Jutland, Battle of 1916
Jutland, Battle of (1916)
a sea battle of World War I, fought between the main forces of the German and British navies on May 31 and June 1 in the North Sea west of Jutland.
On May 30 the German High Seas Fleet, commanded by Admiral R. Scheer, gathered in the Wilhelmshaven and Jade roadsteads, ready to execute an ostensible withdrawal of battle cruisers to the Skagerrak and the shores of Norway. The maneuver was designed to draw individual units of the British fleet into the open, where they would be destroyed by main forces of the German fleet. The British admiralty learned from intercepted radio messages of the impending departure of large enemy forces and in the evening of May 30 began deploying its own primary force—the British Grand Fleet, commanded by Admiral J. R. Jellicoe—in the region northwest of Jutland. On the morning of May 31 the German advance guard—the squadron of Admiral F. von Hipper (five battle cruisers, five light cruisers, and 30 destroyers)—headed into the open sea. The squadron was followed at a distance of 45–50 miles by the German High Seas Fleet (22 battleships, six light cruisers, and 31 destroyers).

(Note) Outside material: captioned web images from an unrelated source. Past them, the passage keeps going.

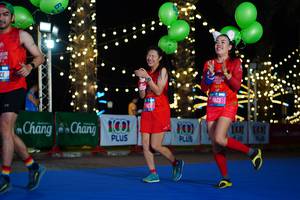 BIB: 100, 139
                            <button type="button" onclick="openModal(21655627)" class="btn btn-primary btn-sm float-right btn-popup" data-toggle="modal" data-target=".modal-high-quality">
                        <i class="fas fa-shopping-cart"></i> Add to Cart
                    </button>
                                            <button type="button" onclick="isThisMe(21655627, true)" class="btn btn-success btn-sm float-right btn-popup btn-isme hidden" data-toggle="tooltip" data-placement="bottom" title="นี่คือรูปของคุณใช่ไหม คลิกที่นี่เพื่อเอาเข้าอัลบั้ม">
                        <i class="fas fa-plus"></i> Add to album
                    </button>
                    <button type="button" onclick="isThisMe(21655627, false)" class="btn btn-warning btn-sm float-right btn-popup btn-isnotme hidden">
                        <i class="fas fa-ban"></i> Remove from album
                    </button>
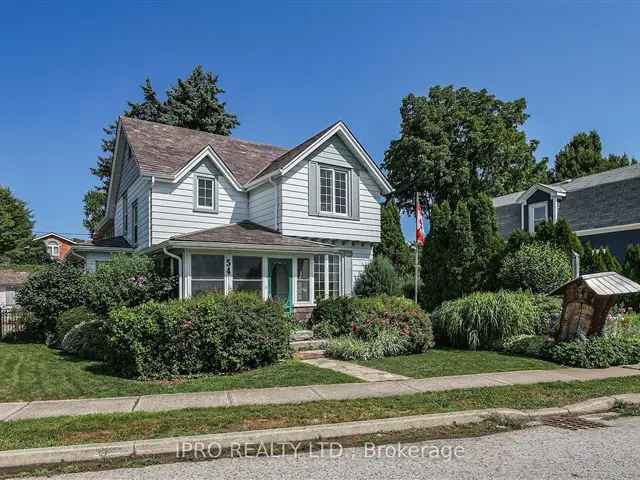 Historic Port Dalhousie Home Near Lake Ontario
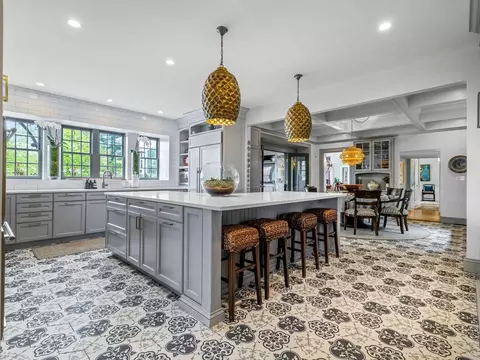 90 Burr Dr, Needham, MA 02492 photo 4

At 2:28 P.M. the British advance guard of Admiral D. Beatty (four battleships, six battle cruisers, 14 light cruisers, 27 destroyers, and one seaplane carrier) engaged Hipper’s squadron, which turned sharply to the southeast, attempting to lure Beatty toward the German High Seas Fleet. In the course of the battle between the advance guards, a British light cruiser discovered the approaching German fleet, and Beatty diverted the German squadron toward the British Grand Fleet (24 battleships, three battle cruisers, eight armored cruisers, 12 light cruisers, and 52 destroyers).
At 6 P.M. a battle commenced between the two main forces. The British vessels attempted to outflank the German fleet, but the latter avoided a decisive confrontation and, under cover of a smoke screen and destroyer torpedo attacks, broke off contact with the enemy at 7:35 P.M. Clashes between individual formations and ships continued until 3:00 A.M. on June 1. The German fleet was able to reach the safety of its bases, and the British fleet headed north. The German losses totaled one battleship, one battle cruiser, four light cruisers, and five destroyers; casualties were in excess of 2,500 killed and more than 500 wounded. British losses totaled three battle cruisers, three armored cruisers, and eight destroyers; approximately 6,100 were killed, more than 500 wounded, and more than 170 captured.
Neither side achieved its strategic goal in the Battle of Jutland—in each case, to change decisively the course of the war in its favor. In the final analysis, however, the victory was Great Britain’s, inasmuch as prolongation of the war led to Germany’s defeat.